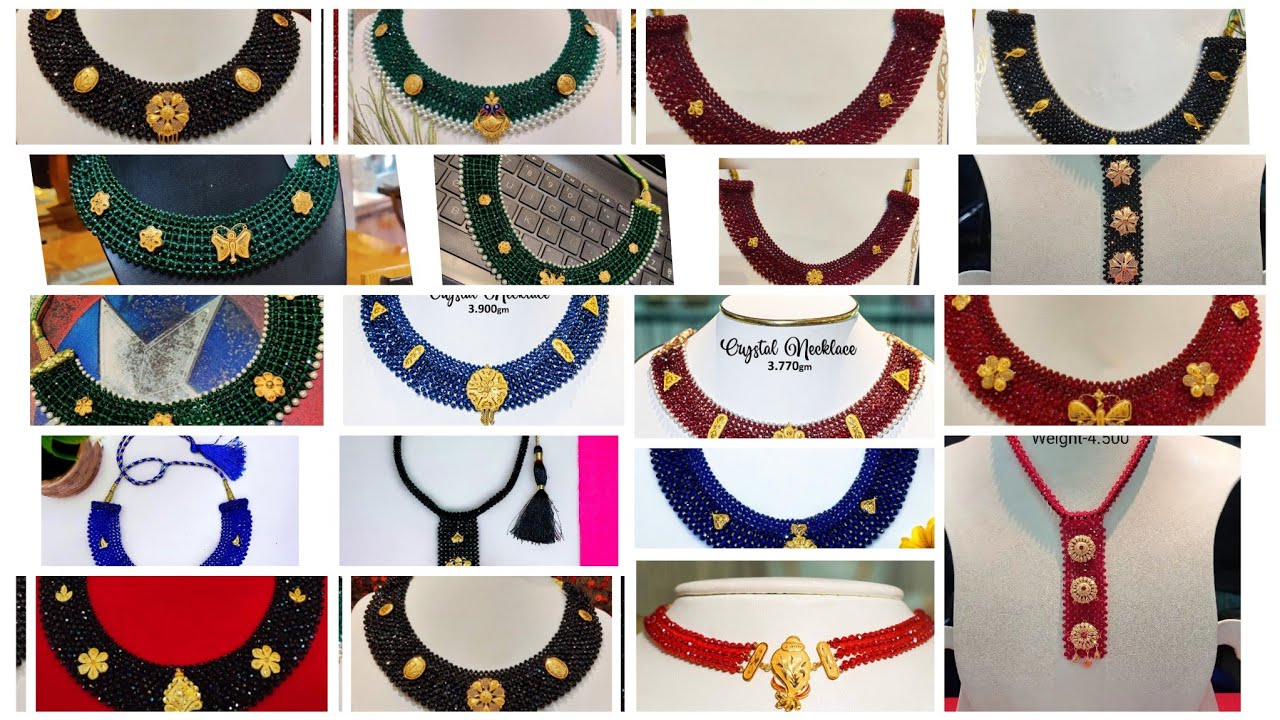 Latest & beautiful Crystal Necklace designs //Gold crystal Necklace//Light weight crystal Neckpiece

============================================================

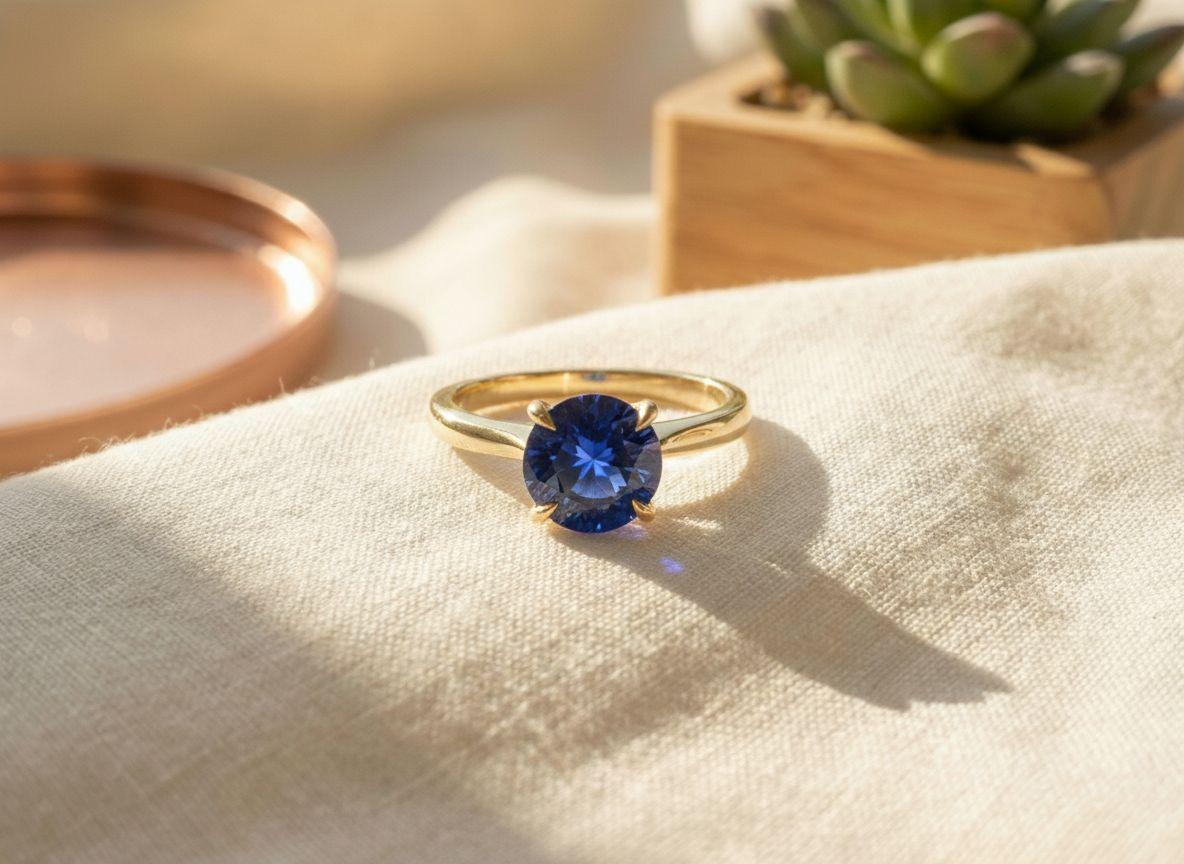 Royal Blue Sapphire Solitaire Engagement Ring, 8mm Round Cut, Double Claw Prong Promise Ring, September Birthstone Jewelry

============================================================

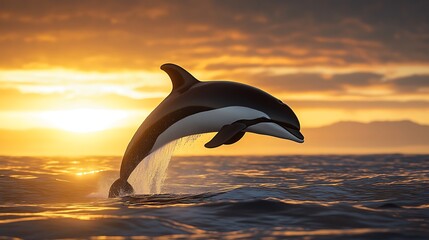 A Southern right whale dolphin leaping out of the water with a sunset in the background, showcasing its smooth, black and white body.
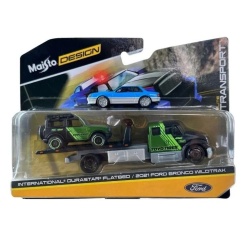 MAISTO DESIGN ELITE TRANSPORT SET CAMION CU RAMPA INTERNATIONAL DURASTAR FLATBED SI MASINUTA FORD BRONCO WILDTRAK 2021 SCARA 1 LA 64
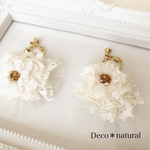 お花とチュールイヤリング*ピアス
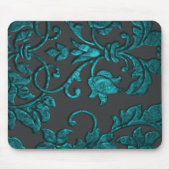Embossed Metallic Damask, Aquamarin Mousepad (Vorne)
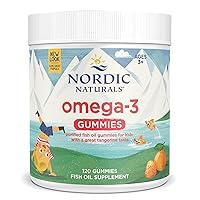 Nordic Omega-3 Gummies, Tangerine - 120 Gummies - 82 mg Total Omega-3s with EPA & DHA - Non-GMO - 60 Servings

============================================================

WORK REQUIRED:
Without the pictures, set down the lines above from the line with "Embossed Metallic Damask, Aquamarin" up to and including the line with "Nordic Omega-3 Gummies, Tangerine" exactly as they stand.

YOUR RESPONSE:
Embossed Metallic Damask, Aquamarin Mousepad (Vorne)
 Nordic Omega-3 Gummies, Tangerine - 120 Gummies - 82 mg Total Omega-3s with EPA & DHA - Non-GMO - 60 Servings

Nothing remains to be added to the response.